Free Lance-Star reporter Amy Umble covers Stafford County schools and other education issues
UMW combats dating violence
The Univeristy of Mary Washington issued to the following press release today:
A student club at the University of Mary Washington is leading an effort on the Fredericksburg campus to raise awareness of dating violence on college campuses.
This week, Student Anti-Violence Educators (SAVE) launched the Red Flag Campaign, a nationwide movement to combat dating violence. The group lined Campus Walk with red flags and posted fliers throughout campus that address emotional abuse, coercion, excessive jealousy, isolation, sexual assault, victim blaming and stalking.
Women between the ages of 16 and 24 experience the highest per capita rate of intimate partner violence, according to figures supplied by the Red Flag Campaign.
“We’re so susceptible to that violence,” said Shelley Hillberry, president of SAVE. “It doesn’t have to be this scary thing, it can be changed.”
She hopes the campaign will help open discussion on campus, saying dating violence is “not a taboo topic.”
As part of the campaign, male students, faculty and staff have signed pledges vowing not to commit or condone violence and then sealed their pledges with their handprints on posters. Other supportive posters display the handprints of men representing various sports, clubs and academic societies.
Hillberry said SAVE’s goal is to provide peer education and to train students to actively listen and follow appropriate protocol with fellow students who may have experienced violence. She said many victims are more likely to talk about it with friends than report it to the police.

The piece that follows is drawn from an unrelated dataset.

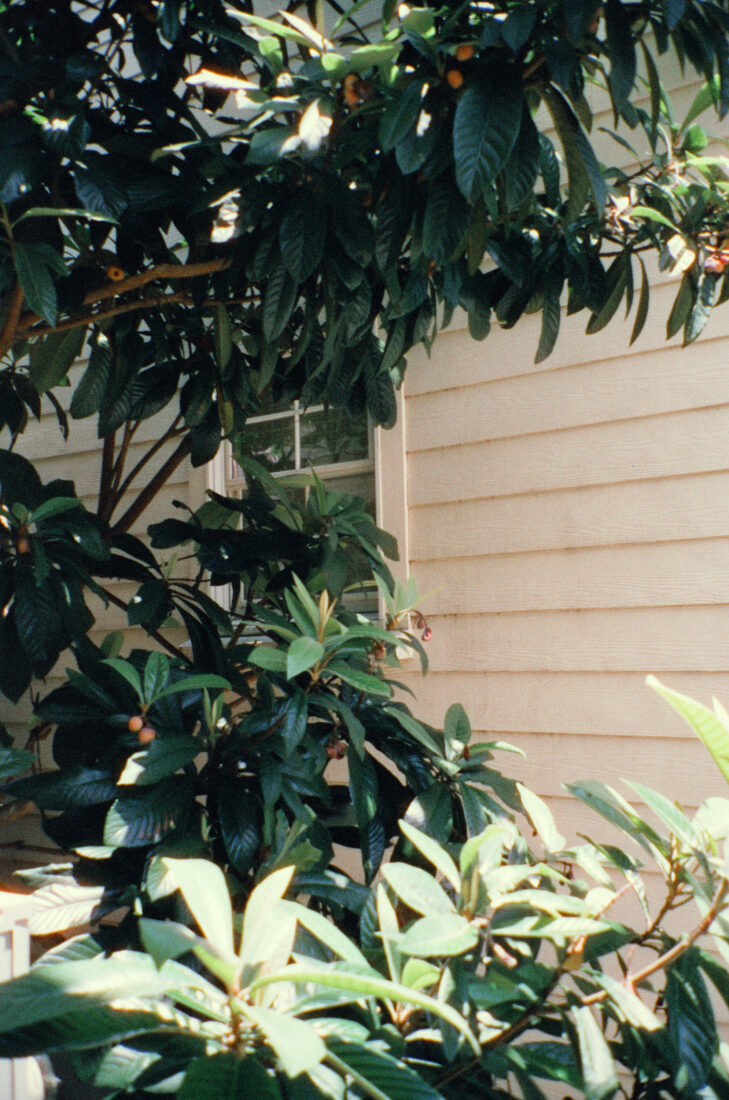 A fruiting loquat tree in front of a window on a house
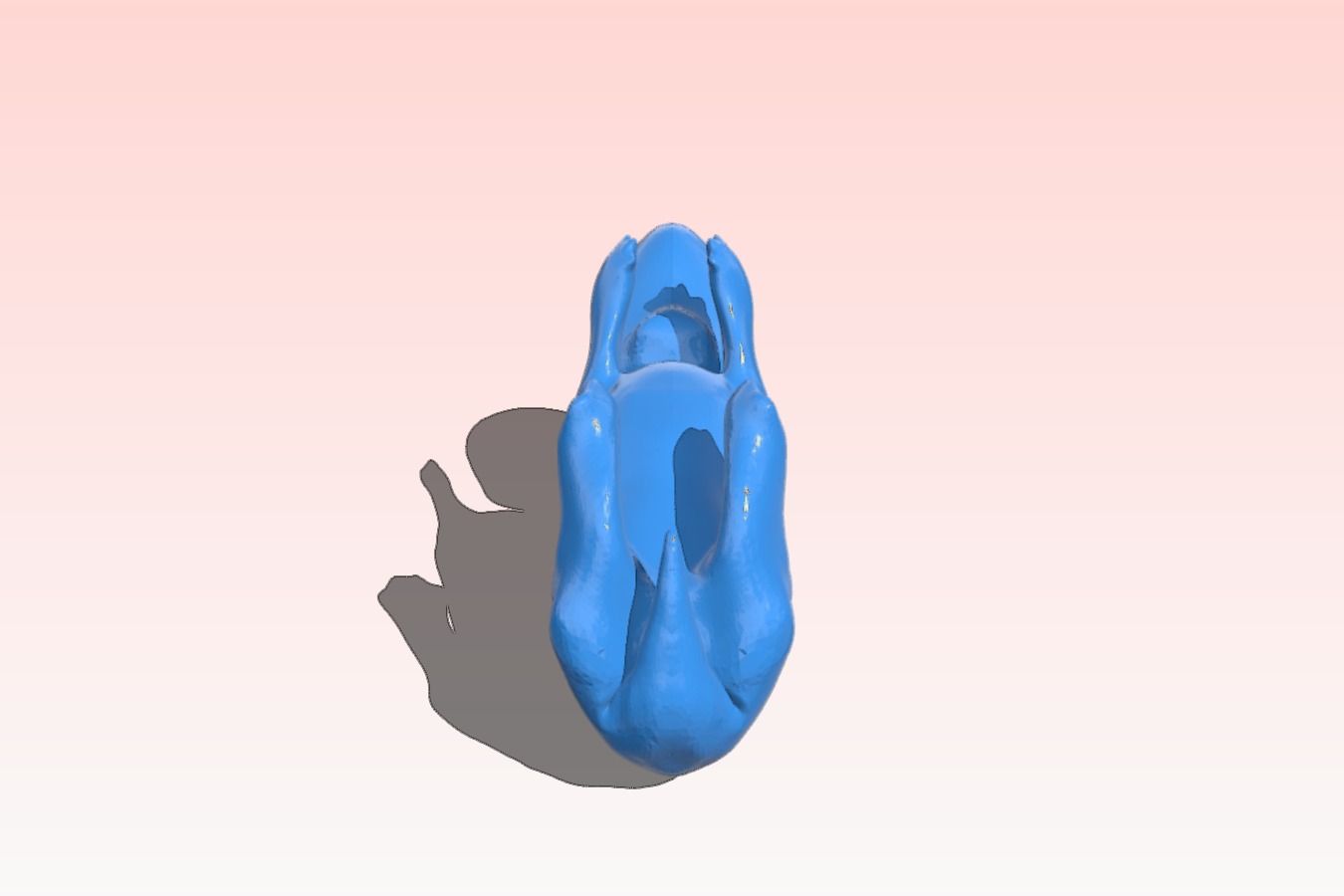 4 Week Dog Embryo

SAVE was founded in 2009 by junior James Sennett and alum Hassan Abdelhalim after two high-profile assaults occurred on campus. Sennett’s inspiration for the club was a similar organization at the College of William & Mary.
Hillberry also was impacted by the assault, while she was working as a volunteer victim advocate with the Rappahannock Council Against Sexual Assault. The assault proved to be an “awakening moment” for her, as she was determined to make UMW students aware of useful tactics to combat dating violence and recognize its prevalence on college campuses.
Both Sennett and Hillberry were honored in Washington, D.C. earlier in the semester by Vice President Joe Biden for their efforts against dating violence.
Since SAVE debuted at UMW, the group has thrived as an advocacy group for students as well as a promoter of national initiatives, such as the Red Flag Campaign and the White Ribbon Campaign.
Senior Shannon Harris, who has been involved with SAVE since it began, said Red Flag week helps raise awareness of not only dating violence, but also recognition of the club on campus.
“We’re actually here, we are a legitimate resource and we want people to use us,” Harris said. “In the past, we had no resources for them.”
“I feel like we’ve made a pretty substantial impact,” Sennett said. “It’s the stuff that comes after an attack, that people don’t see, that makes a difference.”
Other events for the week include:
- On Wednesday, Oct. 27 at 5:30 p.m., a film screening of “The Girl with the Dragon Tattoo,” followed by a panel discussion in Dodd Auditorium. The event is sponsored by SAVE and the Rappahannock Council Against Sexual Assault.
- On Thursday, Oct. 28 from noon to 4 p.m., a Pledge Tree in front of Lee Hall will allow students to sign pledges to “say something” to stop dating violence. Free cookies and hot chocolate will be provided.
- On Friday, Oct. 29 from noon to 4 p.m., the “Clothesline Project” will be on display in front of Lee Hall as a “testimony to the problem of violence against women.” It will be hosted by the Rappahannock Council on Domestic Violence.